Many clubs enjoy piling anything from two to seven tonnes of sand onto the green at the end of the season, in the hope that the expense and labour of this will improve the green without first identifying the causes of problems. If the green is being maintained well and there is little thatch presence then the correct work can get seed into the soil and germinating without any top-dressing, or just a light dusting of a compatible material at most. If there is a thatch layer then resist the temptation to spend money on burying that thatch.
The only thing worse than thatch is sub-surface thatch. It needs to come out rather than be pushed further in.
So what is the plan?
With bowling greens as you can see, it really does depend on your starting point as to what work is carried out at the end of the season! If the green is already in fair condition, then a standard renovation would be made up of aerating, scarifying, overseeding and a fertiliser application. If deeper problems persist then this will need to be modified and a 12 month plan put in place for better maintenance.

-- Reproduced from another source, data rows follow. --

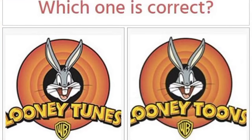Hello everybody, and welcome to my YouTube channel. Today's video I'm going to talk about the Mandela Effect. The Mandela Effect is where people have false memories — basically we see a logo and it looks a little bit different to how you remember, and you think it must have changed, but then you research it and it's always been how it still is today.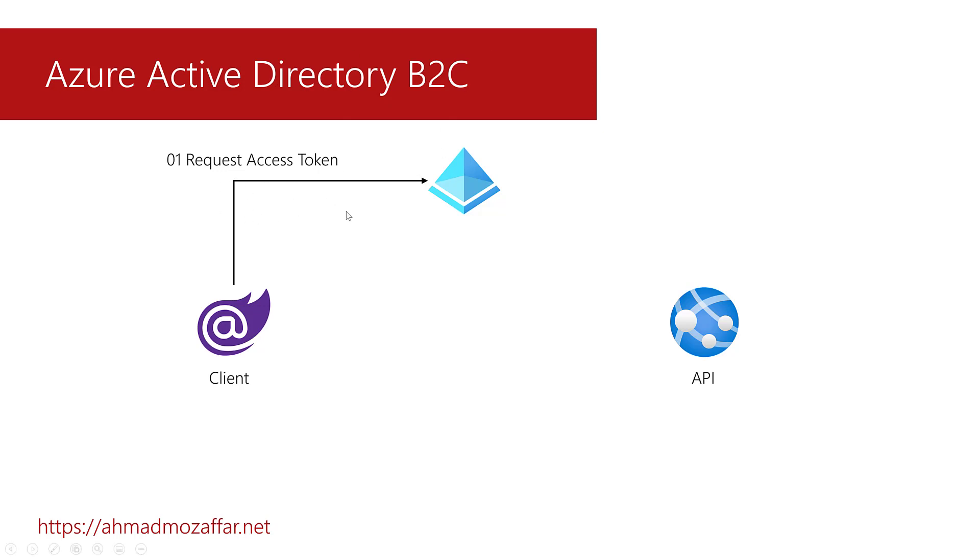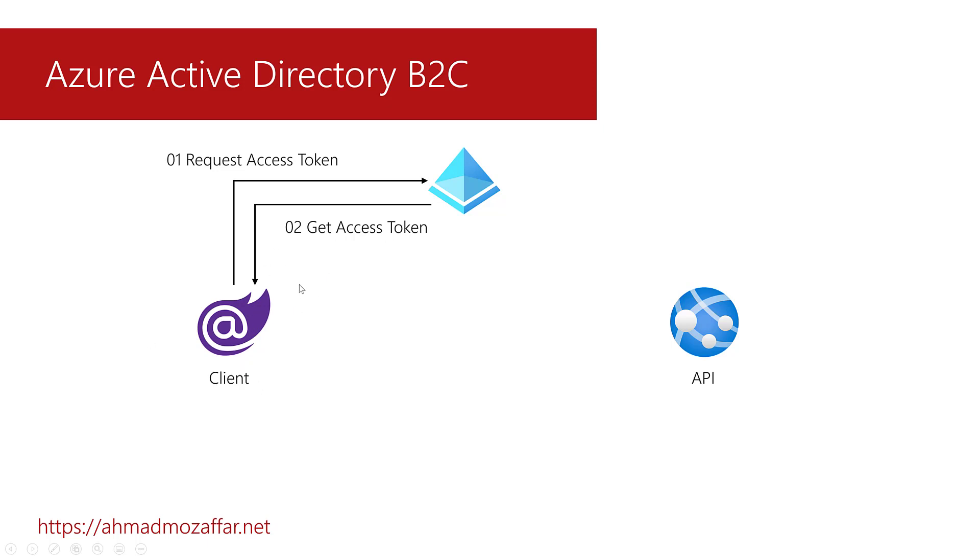So in this case, the user logs in or creates a new profile. After that, you request an access token in this operation. Then the second step after the user creates the profile or signs in, the Active Directory will call back with a token for your application. So right now, the client has a token. So the third step is to call your API.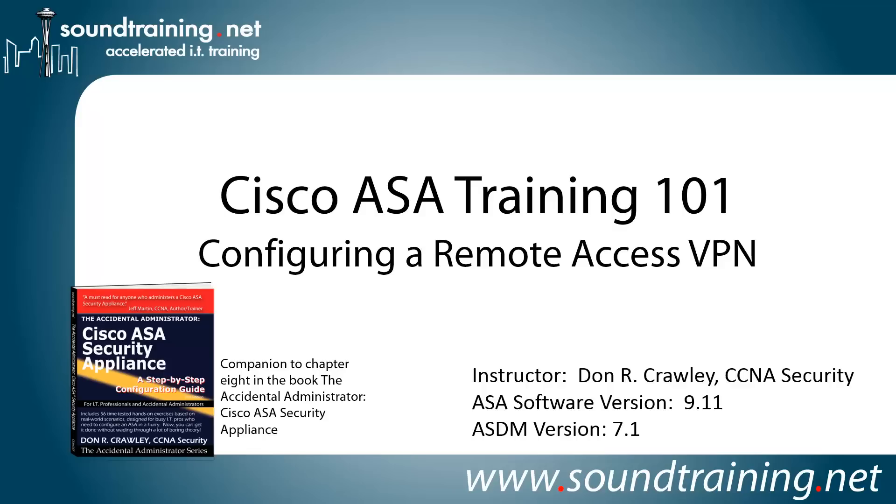Hello and welcome to Cisco ASA Training 101. My name is Don Crawley. I'm from SoundTraining.net, the Seattle, Washington-based publisher of learning resources and provider of accelerated training for IT professionals.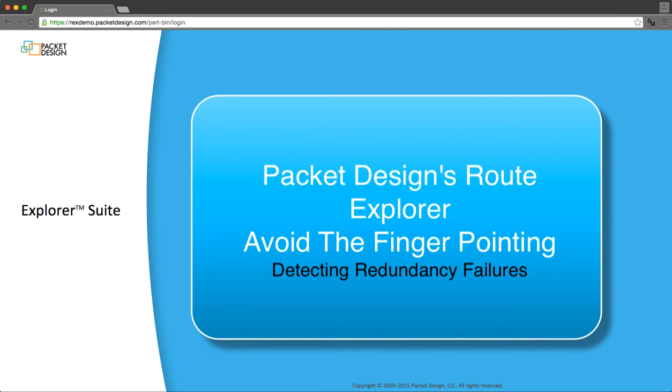One way of ensuring a reliable connection between sites is by using redundancy. Customers sometimes choose backup VPN providers or at least configure multiple peerings with their single VPN provider in case something happens to their primary connection. This builds an element of fault tolerance into a network design.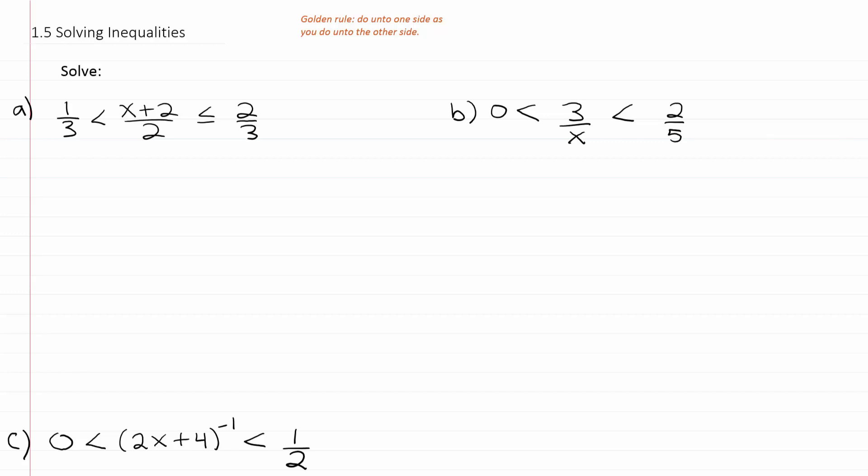In this video we're going to continue to solve inequalities. Example A has a compound inequality that involves fractions, so we're going to multiply the entire inequality by the least common denominator, which would be 6 in this case.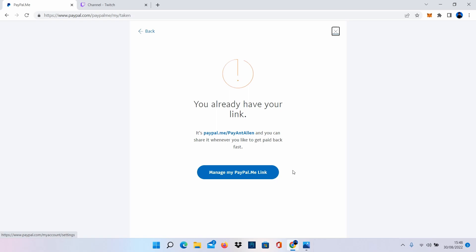Here you can see my PayPal.me link. It's paypal.me forward slash pay and Alan. Now that I know this, I can actually manage the link or I can copy this directly. Because I know mine, I'm going to type mine directly into Twitch, or I can use a copy and paste method by using this link here.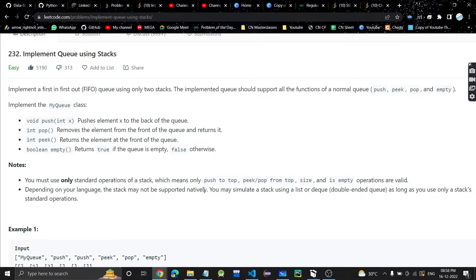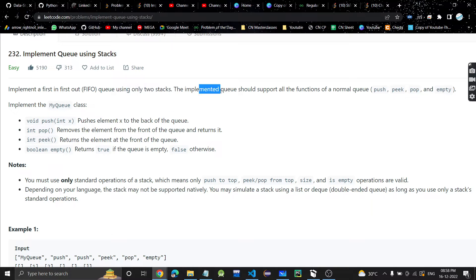Hey guys, welcome or welcome back to my channel. Today we are going to discuss another problem: implement queue using stacks. In this problem, we have to implement a first-in-first-out queue using only two stacks. The implemented queue should support all the functions of a normal queue: push, peek, pop, and empty.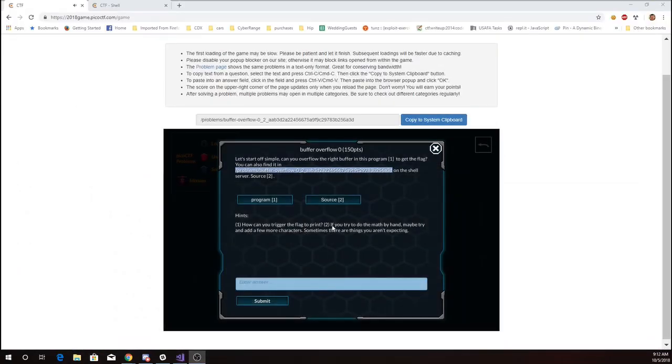The hint tells us that we might want to try to add a few more characters because there might be some things that I'm not expecting after the buffer that I need to get passed.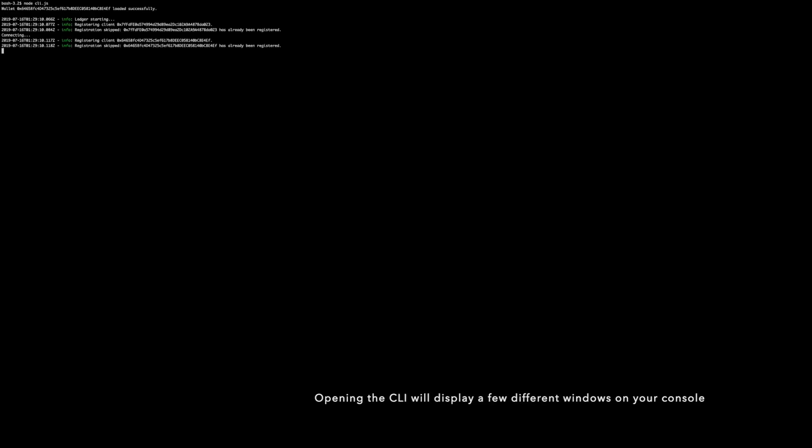Once you clone our project repo you can deploy our protocol through a command line interface. Opening the CLI will display a few different windows on your console.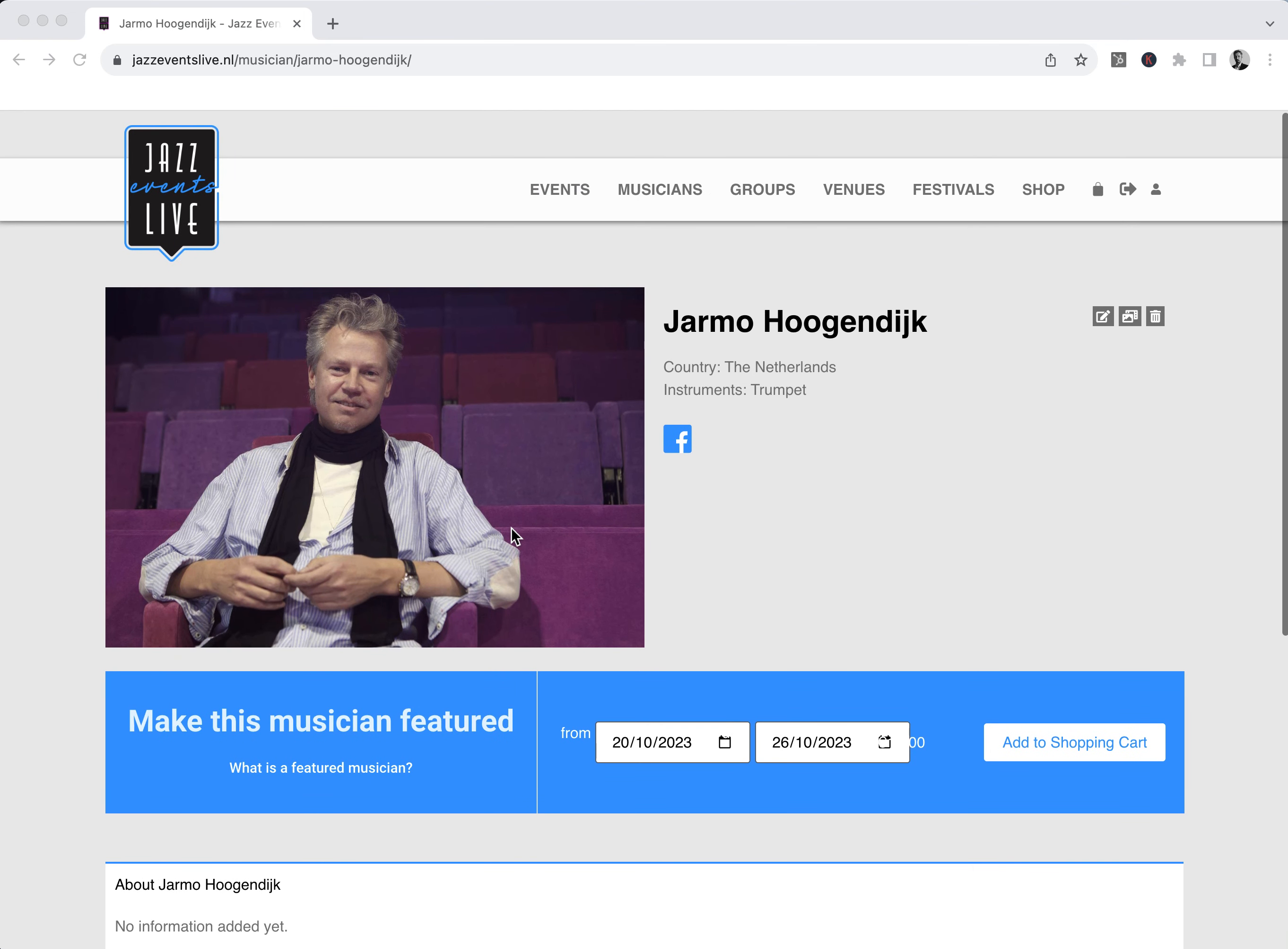We just added Jarmo Hoogendijk but I saw that he also has a full bio on the website. So why not make it a little bit complete.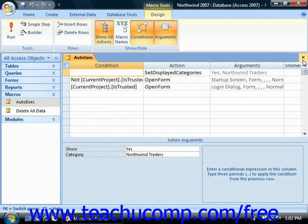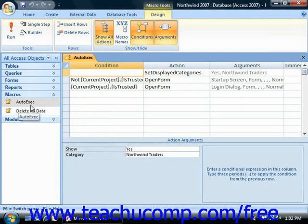To do this, just simply create the macro that you would like to use as the auto-exec macro, and then save it with that name: auto-exec, short for auto-execute. Any macro with this name is immediately run whenever the database file is opened.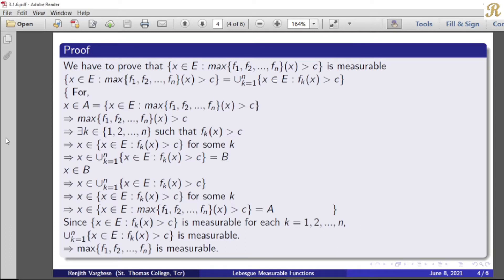We have to prove that the set of all x belonging to E such that maximum of f₁, f₂, etc., fₙ of x greater than c is measurable. We have to prove that the maximum of the collection is measurable. So we need to show this set equals a union.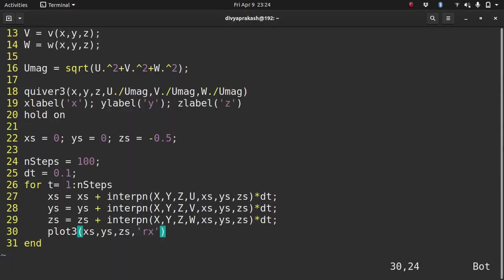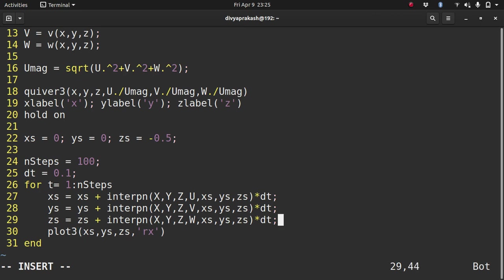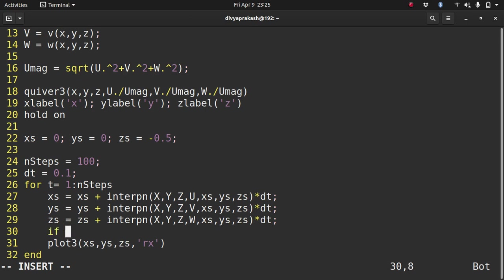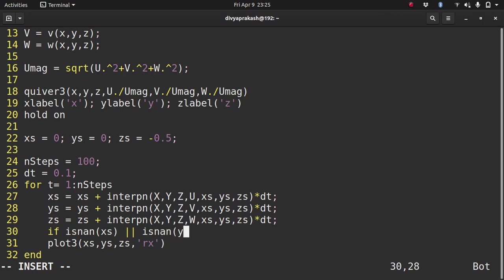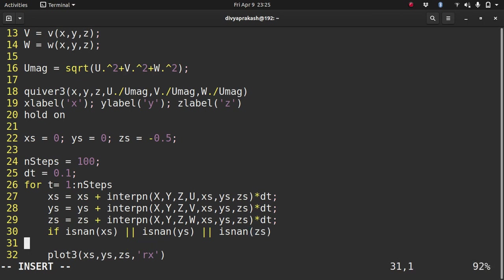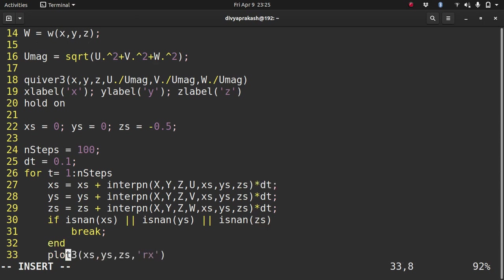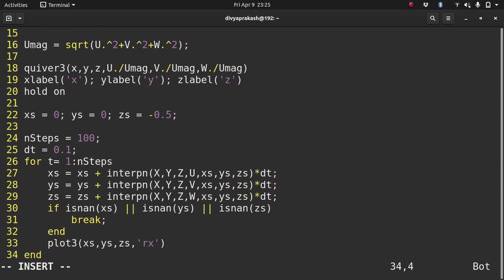So if we have, what we do, what we want is, we don't want to plot if it is, if we get not a number. If we don't have a number, MATLAB or Octave will not be able to plot it and it might get stuck. So we check whether each of these is not a number. isnan xs, isnan ys, isnan zs. If it is, this double vertical line means or, so if any of these returns one, then I break the loop. I end. I don't want to plot. If it doesn't, then I plot.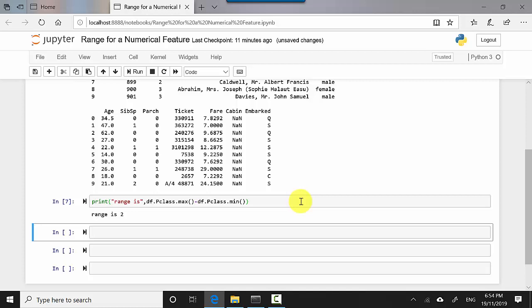So in this video we learned how to find the range for a numerical feature using Python. We specifically used pandas. I hope you find this video useful. Thanks for watching this video. Please do subscribe to my channel if you enjoy what I'm doing, and please like this video if it works for you. Cheers, bye!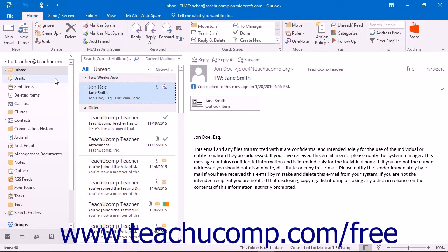Search folders are a great way to find messages quickly within your Outlook mail folders that match certain criteria that you set. When you create a search folder, the criteria for which you are searching is saved with the folder itself. Therefore every time you open the folder, it searches for all of the Outlook messages that match the associated folder search criteria and then automatically displays these messages. Note that you can only create search folders for the mail folders within Outlook.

Autumn / Winter Quick Tips
Get your mower(s) serviced and correctly set at a winter mowing height of 8-10mm. Do not neglect the level of mowing that is required through winter, or your key machinery.
Aeration, aeration, aeration. Slit (chisel) tine the green as often as every 2-3 weeks through the off-season. If there is no play then you have several months to get as much air into the soil profile as possible. If your green is in good condition and used for competitions through parts of the winter then this can be done with strategic timing, or with solid tines for less disruption to the surface.
Address the fertiliser requirements for your green. Get a soil test completed to understand what the green actually needs. Most greens possess toxic levels of iron following repeat applications to control moss, rather than the correct mechanical work. This excess iron will cause a direct lock-up of other nutrients, a lowering of pH - thereby again causing a lock-up of nutrients. Apply what the green needs, rather than what will make the grass greener rather than the grass healthier.
Sometimes the best thing to do is nothing at all. In frosty or icy conditions there shouldn't be any bowling or any work being carried out on the green. Winter bowling is fine providing the surface is carefully managed, just like with golf.